Sin embargo, el conocimiento
acumulado por ese mismo ser humano ofrece datos que hablan de otra realidad: la
autoconciencia como instrumento de la corporación celular, el mundo humano como
engaño perceptivo, dimensión patológica de una subjetividad precaria,
trivialidad de la aparente intencionalidad de las formas complejas,
contingencia radical de la naturaleza humana, participación parcial e irrisoria
en el cosmos, la realidad como desconcertante modalidad de la nada...
La causa de esa disonancia
cognitiva es tanto cultural (se crece en un mundo que, de una manera tácita o
expresa, trasmite una idea clara y tranquilizadora de lo que es el ser humano)

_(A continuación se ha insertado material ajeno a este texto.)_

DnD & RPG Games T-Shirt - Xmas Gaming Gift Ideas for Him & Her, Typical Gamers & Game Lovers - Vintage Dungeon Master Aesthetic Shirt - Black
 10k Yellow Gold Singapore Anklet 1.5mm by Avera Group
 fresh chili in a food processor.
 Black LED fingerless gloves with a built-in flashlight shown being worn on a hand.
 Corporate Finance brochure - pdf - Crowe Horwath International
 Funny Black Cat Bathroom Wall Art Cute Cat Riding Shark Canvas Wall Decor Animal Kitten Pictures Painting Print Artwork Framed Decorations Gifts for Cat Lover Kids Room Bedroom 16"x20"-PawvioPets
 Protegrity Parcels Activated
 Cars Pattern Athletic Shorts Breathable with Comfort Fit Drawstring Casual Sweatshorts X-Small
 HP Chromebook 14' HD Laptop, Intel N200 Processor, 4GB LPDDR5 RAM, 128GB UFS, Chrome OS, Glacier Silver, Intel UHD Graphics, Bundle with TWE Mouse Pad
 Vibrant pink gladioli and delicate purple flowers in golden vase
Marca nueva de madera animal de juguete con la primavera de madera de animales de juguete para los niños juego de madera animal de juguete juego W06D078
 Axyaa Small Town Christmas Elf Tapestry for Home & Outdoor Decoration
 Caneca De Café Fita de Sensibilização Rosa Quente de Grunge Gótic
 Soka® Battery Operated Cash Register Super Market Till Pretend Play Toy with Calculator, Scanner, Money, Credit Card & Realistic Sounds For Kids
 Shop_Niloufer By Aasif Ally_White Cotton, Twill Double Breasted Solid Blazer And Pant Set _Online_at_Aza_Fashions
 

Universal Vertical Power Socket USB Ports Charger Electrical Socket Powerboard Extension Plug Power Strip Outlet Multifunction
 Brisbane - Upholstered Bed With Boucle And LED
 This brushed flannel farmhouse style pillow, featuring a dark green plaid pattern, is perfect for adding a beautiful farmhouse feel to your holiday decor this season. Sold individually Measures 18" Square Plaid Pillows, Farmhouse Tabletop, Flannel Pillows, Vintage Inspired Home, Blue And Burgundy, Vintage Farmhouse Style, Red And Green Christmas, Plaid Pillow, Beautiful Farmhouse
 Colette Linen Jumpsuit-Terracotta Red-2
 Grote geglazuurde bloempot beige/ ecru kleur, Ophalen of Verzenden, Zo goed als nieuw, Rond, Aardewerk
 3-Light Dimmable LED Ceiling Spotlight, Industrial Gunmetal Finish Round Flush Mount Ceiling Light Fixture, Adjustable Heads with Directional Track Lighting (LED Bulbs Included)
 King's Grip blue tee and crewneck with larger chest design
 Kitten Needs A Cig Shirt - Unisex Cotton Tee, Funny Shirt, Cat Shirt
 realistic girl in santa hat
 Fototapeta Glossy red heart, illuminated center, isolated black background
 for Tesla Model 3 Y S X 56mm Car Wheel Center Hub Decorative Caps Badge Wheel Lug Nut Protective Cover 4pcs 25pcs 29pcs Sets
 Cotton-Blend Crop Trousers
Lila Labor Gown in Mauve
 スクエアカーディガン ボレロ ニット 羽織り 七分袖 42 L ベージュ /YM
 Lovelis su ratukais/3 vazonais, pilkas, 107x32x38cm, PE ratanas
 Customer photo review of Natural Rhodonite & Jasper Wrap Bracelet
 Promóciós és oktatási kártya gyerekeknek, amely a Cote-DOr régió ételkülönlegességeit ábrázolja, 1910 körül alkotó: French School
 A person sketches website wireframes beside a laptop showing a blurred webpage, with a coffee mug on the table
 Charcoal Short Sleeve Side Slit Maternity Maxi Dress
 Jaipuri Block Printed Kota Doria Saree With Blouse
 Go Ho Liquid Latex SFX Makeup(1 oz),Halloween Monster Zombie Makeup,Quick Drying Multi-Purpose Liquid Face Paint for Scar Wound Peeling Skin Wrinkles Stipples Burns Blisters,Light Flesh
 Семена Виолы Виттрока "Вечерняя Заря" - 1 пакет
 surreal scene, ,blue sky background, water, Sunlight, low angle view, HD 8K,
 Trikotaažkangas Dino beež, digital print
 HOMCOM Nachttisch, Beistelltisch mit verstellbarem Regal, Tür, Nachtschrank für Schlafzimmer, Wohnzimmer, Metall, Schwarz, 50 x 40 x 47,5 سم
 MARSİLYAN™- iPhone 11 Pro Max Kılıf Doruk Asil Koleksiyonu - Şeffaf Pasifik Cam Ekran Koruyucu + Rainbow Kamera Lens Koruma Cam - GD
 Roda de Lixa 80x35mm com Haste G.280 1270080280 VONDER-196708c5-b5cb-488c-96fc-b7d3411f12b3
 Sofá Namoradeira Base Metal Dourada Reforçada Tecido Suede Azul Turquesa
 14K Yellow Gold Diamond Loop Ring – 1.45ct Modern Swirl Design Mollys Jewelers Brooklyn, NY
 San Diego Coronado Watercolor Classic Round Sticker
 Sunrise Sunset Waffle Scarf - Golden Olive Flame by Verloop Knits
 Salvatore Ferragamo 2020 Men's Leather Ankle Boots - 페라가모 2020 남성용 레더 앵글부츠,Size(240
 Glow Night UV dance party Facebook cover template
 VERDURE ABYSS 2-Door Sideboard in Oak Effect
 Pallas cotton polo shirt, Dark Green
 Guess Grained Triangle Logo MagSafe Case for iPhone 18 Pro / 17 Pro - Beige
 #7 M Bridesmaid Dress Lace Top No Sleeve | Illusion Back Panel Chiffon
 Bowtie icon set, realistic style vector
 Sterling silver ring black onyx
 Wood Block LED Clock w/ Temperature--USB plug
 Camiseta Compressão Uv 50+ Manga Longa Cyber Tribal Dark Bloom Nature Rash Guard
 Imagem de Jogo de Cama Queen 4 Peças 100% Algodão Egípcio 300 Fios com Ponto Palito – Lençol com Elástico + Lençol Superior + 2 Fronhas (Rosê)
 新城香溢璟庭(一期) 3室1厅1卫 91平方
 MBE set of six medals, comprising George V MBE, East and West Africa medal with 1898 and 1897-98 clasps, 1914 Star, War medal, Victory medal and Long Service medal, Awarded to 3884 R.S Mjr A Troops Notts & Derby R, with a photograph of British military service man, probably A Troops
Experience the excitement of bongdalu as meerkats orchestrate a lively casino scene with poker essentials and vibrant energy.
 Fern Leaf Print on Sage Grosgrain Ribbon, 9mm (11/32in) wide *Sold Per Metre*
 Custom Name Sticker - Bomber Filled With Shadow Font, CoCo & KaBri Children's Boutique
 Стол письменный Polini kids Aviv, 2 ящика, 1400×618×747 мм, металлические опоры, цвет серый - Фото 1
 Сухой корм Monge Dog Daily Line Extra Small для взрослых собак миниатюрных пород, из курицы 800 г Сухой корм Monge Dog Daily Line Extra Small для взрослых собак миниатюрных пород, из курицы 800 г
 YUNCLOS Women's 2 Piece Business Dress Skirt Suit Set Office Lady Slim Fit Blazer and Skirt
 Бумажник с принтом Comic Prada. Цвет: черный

como biológica (la ceguera y credulidad humana como probable adaptación para paliar
las consecuencias de la exigencia de fundamentación, de imposible cumplimiento,
derivada de la pérdida evolutiva de la base genética de la conducta, substituida
por la cultura).
La diferencia entre tener una u
otra visión de sí mismo es evidente (no es lo mismo ser un dios menor que un residuo
accidental de una realidad indiferente), pero sus consecuencias prácticas
dependen del grado de conciencia de la situación.
En el improbable caso de
alcanzar la comprensión de la propia naturaleza, la situación no es mucho mejor
que la que se tiene ignorándola, puesto que no se evita el malestar, sino que
se modifica su contenido: se pasa de vivir de acuerdo con una naturaleza alienada
(que puede no ser tan mala cosa si no se sospecha) a vivir el extrañamiento de
sí mismo y del propio mundo (que muy raramente es sentido como una experiencia
positiva).
En las pautas vitales que
parecen haber aplicado en su propia vida los que, aparentemente, han alcanzado cierta
conciencia de la situación existencial del ser humano, se entrevé una mezcla de
contemplación de la inanidad (la
nada al fondo de todo), vivencia activa del extrañamiento (saber que no se es lo que se siente ser), evasión
lúcida y contemporización con el entorno, asumiendo la inevitable recaída recurrente
en la alienación (por la precariedad de la conciencia y la inercia del mundo
externo) y la frustrante tentación de una ataraxia imposible (no hay nada que
se pueda hacer pero no se puede dejar de hacer algo).